According to cultural anthropologist Joseph W. Bastien, illness is both a physical and cultural phenomenon. Proponents of biomedicine tend to consider their treatments to be rational and universal, yet many studies have proven that ethnomedicine can and often does work. Knowledge of botanical drugs has been acquired and transmitted by generations and the psychosocial aspects of ritual treatments are known to increase one's chances of recovery as well. Shamans are now considered to be equally capable of curing mental ailments as psychiatrists (not to mention being more affordable) and in regions where people can be seen by indigenous healers or a biomedical clinic, curanderos and shamans are more effective at treating chronic diseases. Residents who can chose between bio- or ethno-medicine tend to do so on the basis of which type of malady they have. For example, to treat rheumatism--the recurring swelling of ones joints--rural Indians usually chose to visit curanderos who use a soothing herbal poultice which has been proven to ease the pain. Antibiotics have likewise proven themselves, so fevers and infections are generally the domain of biomedicine, while illnesses considered to be caused by spirits or curses, such as headaches, remain the specialty of the indigenous healers (Bastien 1992).

Ethnomedicine is still the primary form of care for about 90% of the rural population in developing countries. Although biomedical advances can contribute much to the care of patients in these areas, it is important that Eurocentrism not be the guiding principle behind western efforts. Ethnomedicine, just like biomedicine, has survived for centuries because empirical testing has proven that it works. Integration of traditional and Western medicine promises to improve not only the health care of people in developing countries, but people throughout the first world as well.

Questions for further exploration:

1. Compare the hot-cold dichotomy of Latin American curanderos with that of classical Greece. What evidence is there that humoral pathology may have been transmitted from Europe with colonization and what might this imply about "indigenous" medicine in general? (See: Foster, George M. "On the Origin of Humoral Medicine in Latin America." In Medical Anthropology Quarterly, New Series, Vol. 1, no. 4 (Dec., 1987), p. 355-393).
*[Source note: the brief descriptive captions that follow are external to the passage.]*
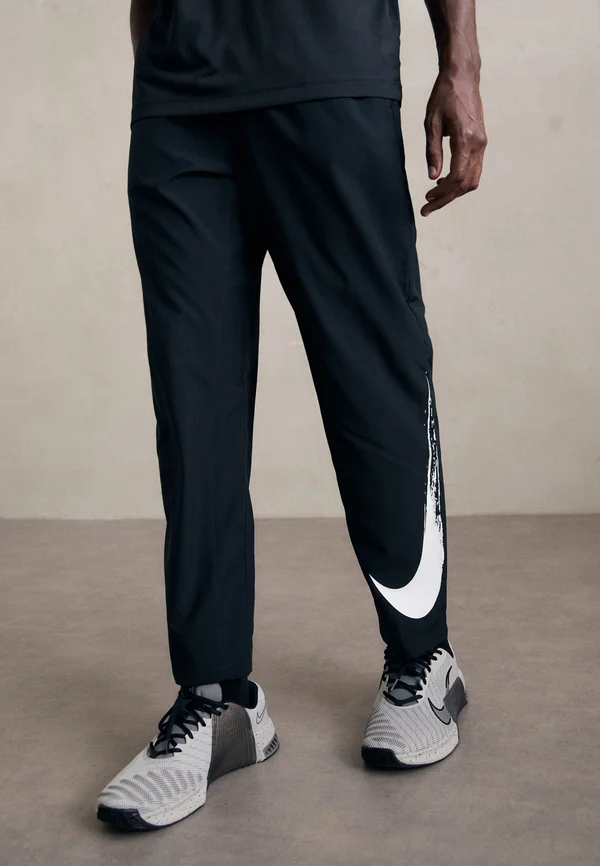 FORM PANT - Jogginghose - black/white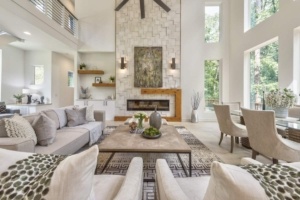 A living room with two large windows and a fireplace.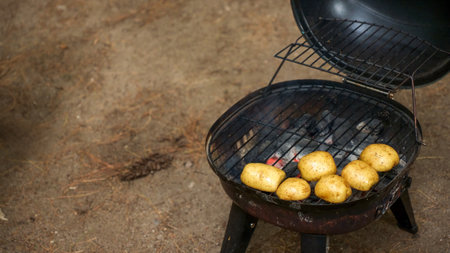 A selection of unwashed potatoes are placed on a charcoal grill, cooking with the lid open. The smoky aroma fills the air as the potatoes sizzle on the grate, showcasing a delicious grilling process.の写真素材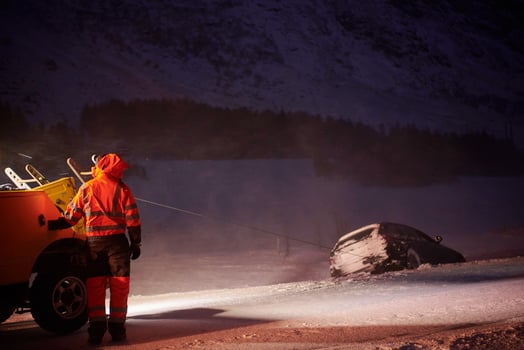 Car being towed after accident in snow storm photo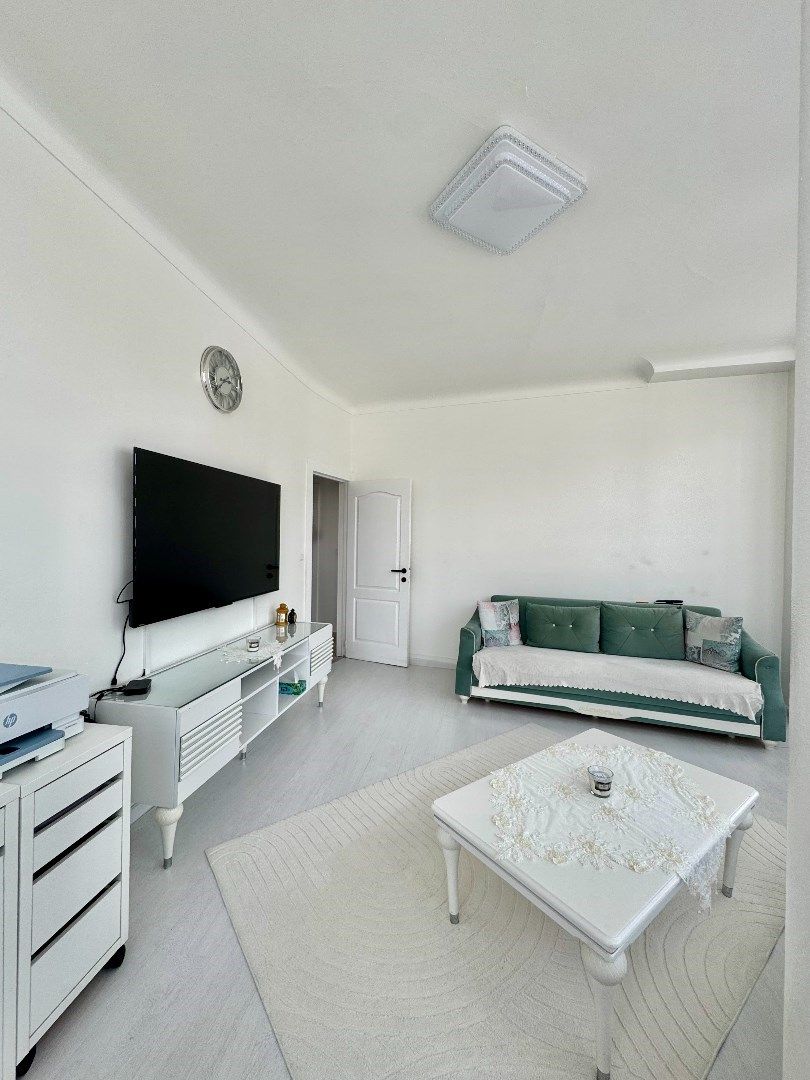 Licht en ruim 2-slaapkamerappartement te koop in Laken foto 4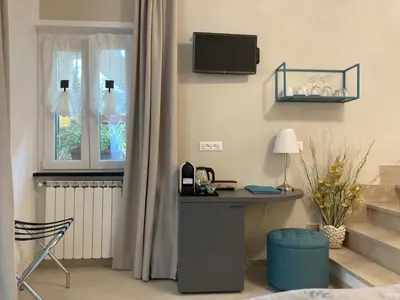 TV o dispositivi per l'intrattenimento presso Pae veciu camera privata con bagno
2. Like several other aspects of science in Latin America, the introduction of biomedicine to traditional practices has not been straight-forward, but has been fraught with resistance, accommodation, and adaptation. Using an example from either the early colonial period (e.g. the Inca or Aztec conquests) or from recent efforts by practitioners of biomedicine (e.g. the Rockefeller Foundation or clinics in Central America), make an argument for how new concepts were integrated into traditional ones in that specific context.
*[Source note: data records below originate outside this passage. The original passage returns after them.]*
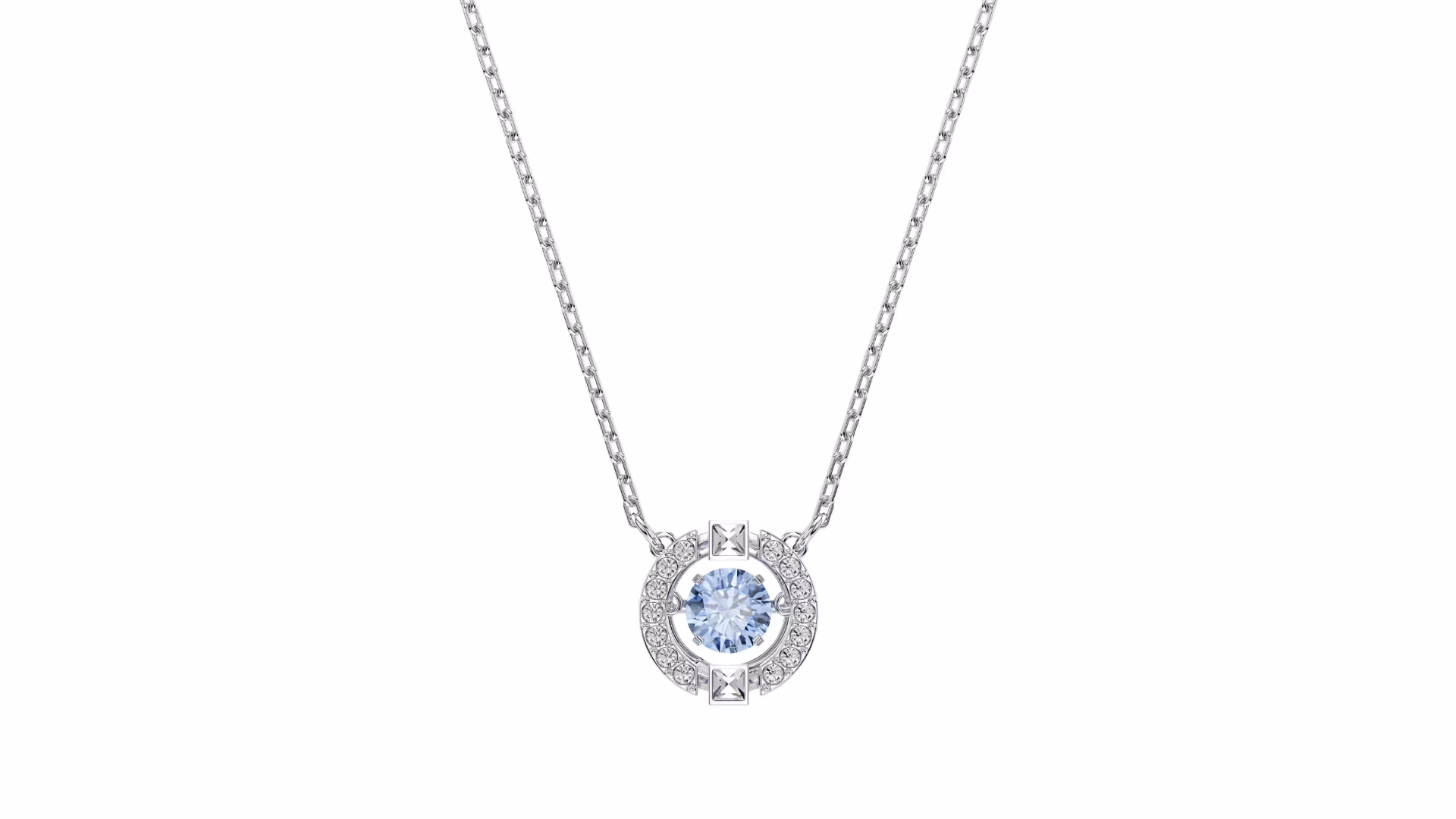 Fine, silver-colored Swarovski necklace with filigree chain. In the middle, a round pendant with bright blue crystal, surrounded by small clear crystals and geometric details. Set against a white background, focus on symmetry, polish and elegant design.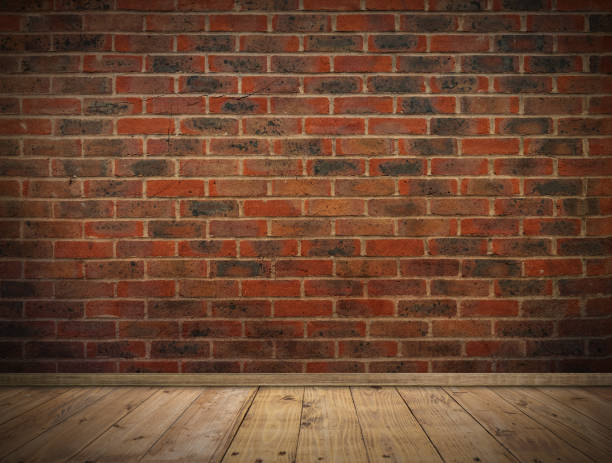 istock Old bricks wall and wooden floor background with vignette effect. 2198626090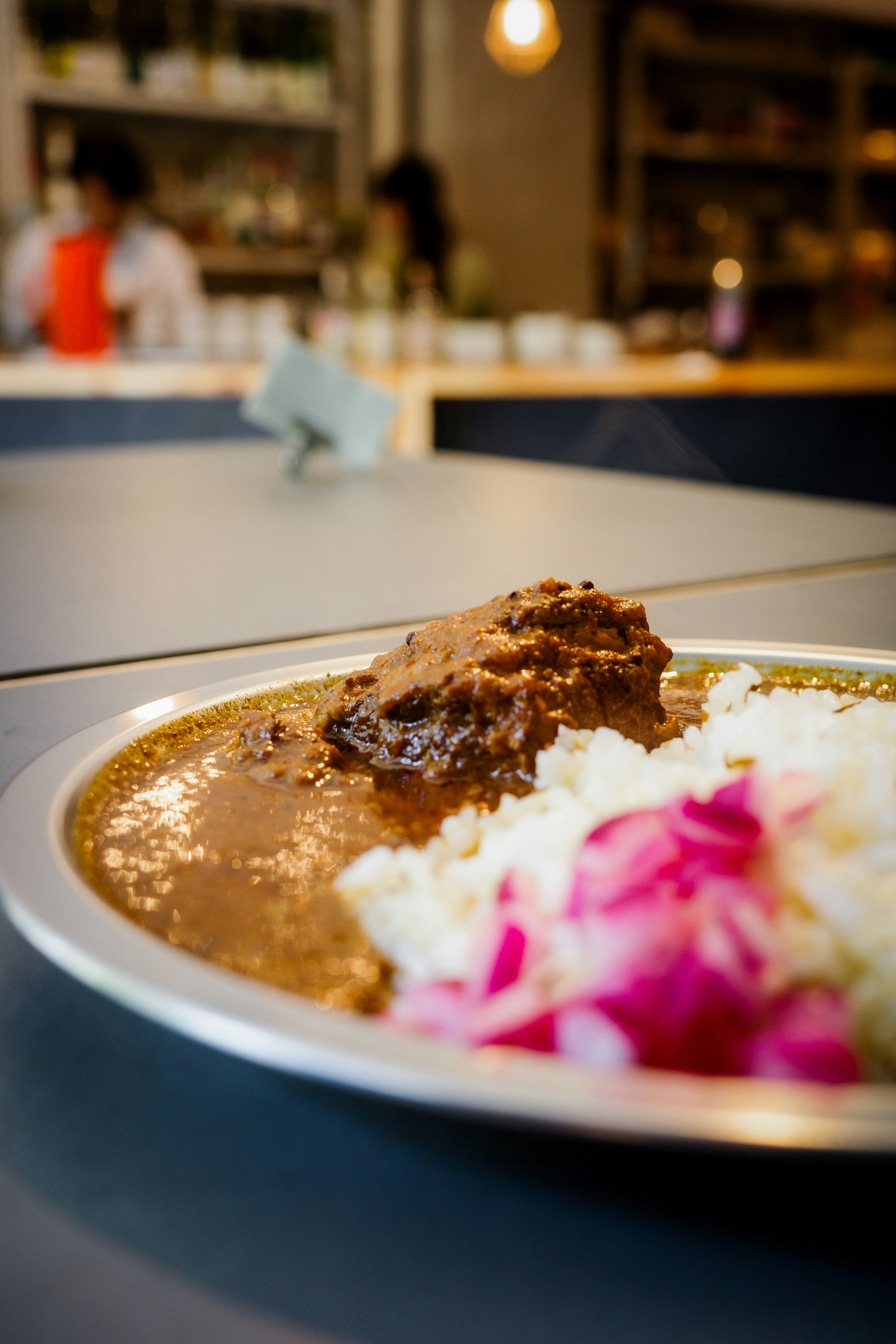 A close-up of a plate with curry and rice garnished with pink flowers out of focus people in the background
3. Have the practices of indigenous healers influenced modern biomedicine? If so, how? If not, why not?

4. How have indigenous healers affected medicinal trends in Latin America, such as the idea of tropical medicine?

Further reading:

Appel, Ted C. "The Curandero and the Sukya: Native Healers in Nicaragua." Medical Anthropology Newsletter. 8: 2 (February 1977): 16-19.
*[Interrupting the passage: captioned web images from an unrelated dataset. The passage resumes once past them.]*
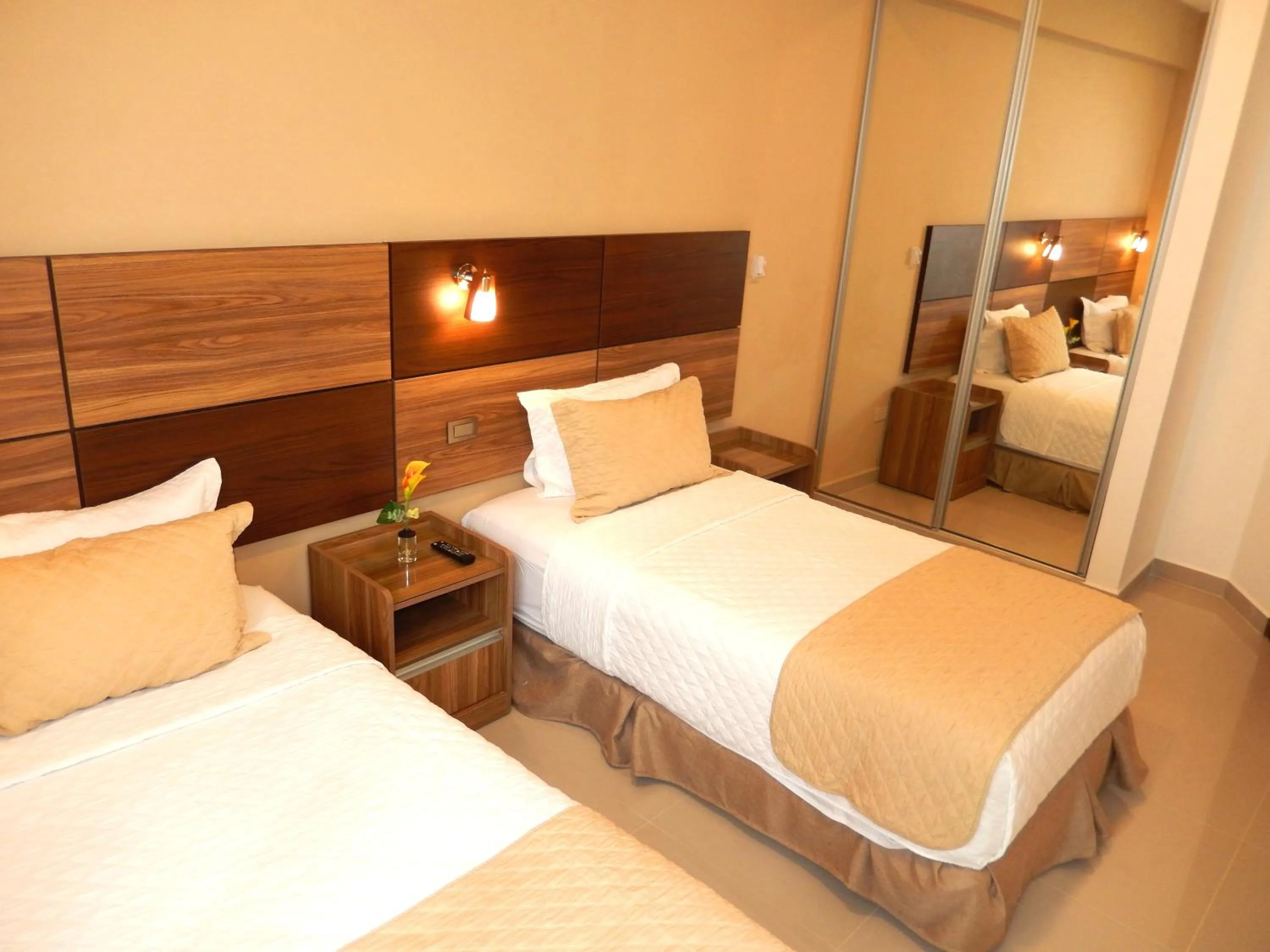 Bed in Premium Suites Deluxe Aparthotel Equipetrol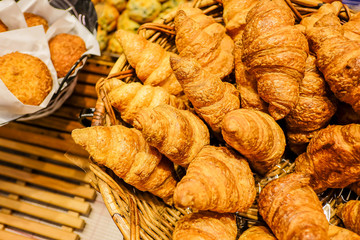 freshly baked croissants in the basket ,food concept background with copy space.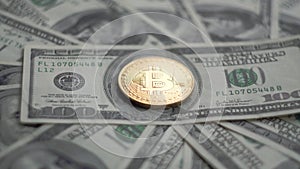 Gold Bitcoin BTC coins rotating on bills of 100 dollars. Worldwide virtual internet cryptocurrency and digital payment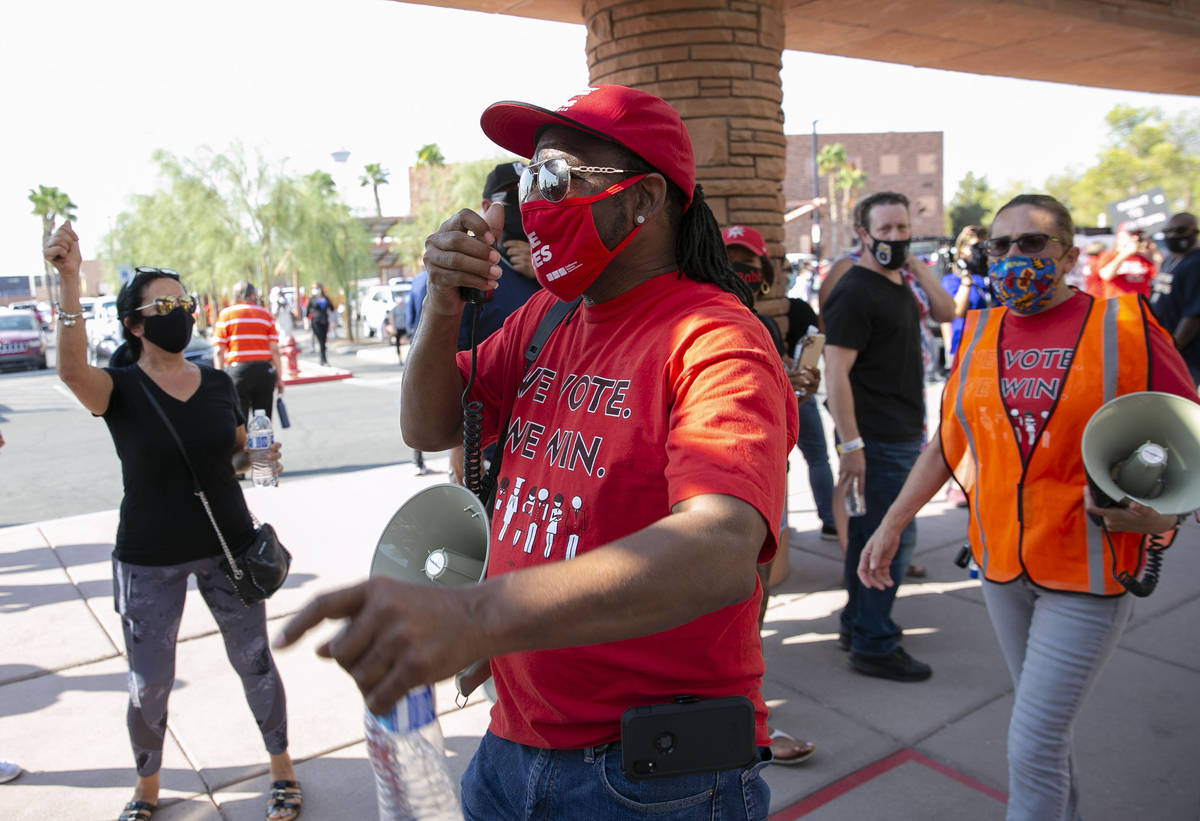 James Reed, Culinary Union Local 226 organizer, shouts slogans as union members rally outside o ...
Bastien, Joseph W. Drum and Stethoscope: Integrating Ethnomedicine and Biomedicine in Bolivia. Salt Lake City: University of Utah Press, 1992.

Foster, George M. "On the Origin of Humoral Medicine in Latin America." Medical Anthropology Quarterly, New Series. 1: 4 (December 1987): 355-393.

Ortiz de Montellano, Bernardo R. Aztec Medicine, Health, and Nutrition. New Brunswick: Rutgers University Press, 1990.

Palmer, Steven Paul. From Popular Medicine to Medical Populism: Doctors, Healers, and Public Power in Costa Rica, 1800-1940. Durham, Duke University Press, 2003. 

Seggiaro, Luis A. Medicina Indigena de America. Buenos Aires: Editorial Universitaria de Buenos Aires, 1969. 

Sowell, David. The Tale of Healer Miguel Perdomo Neira: Medicine, Ideologies, and Power in the Nineteenth-Century Andes. Wilmington, DE: Scholarly Resources, 2001.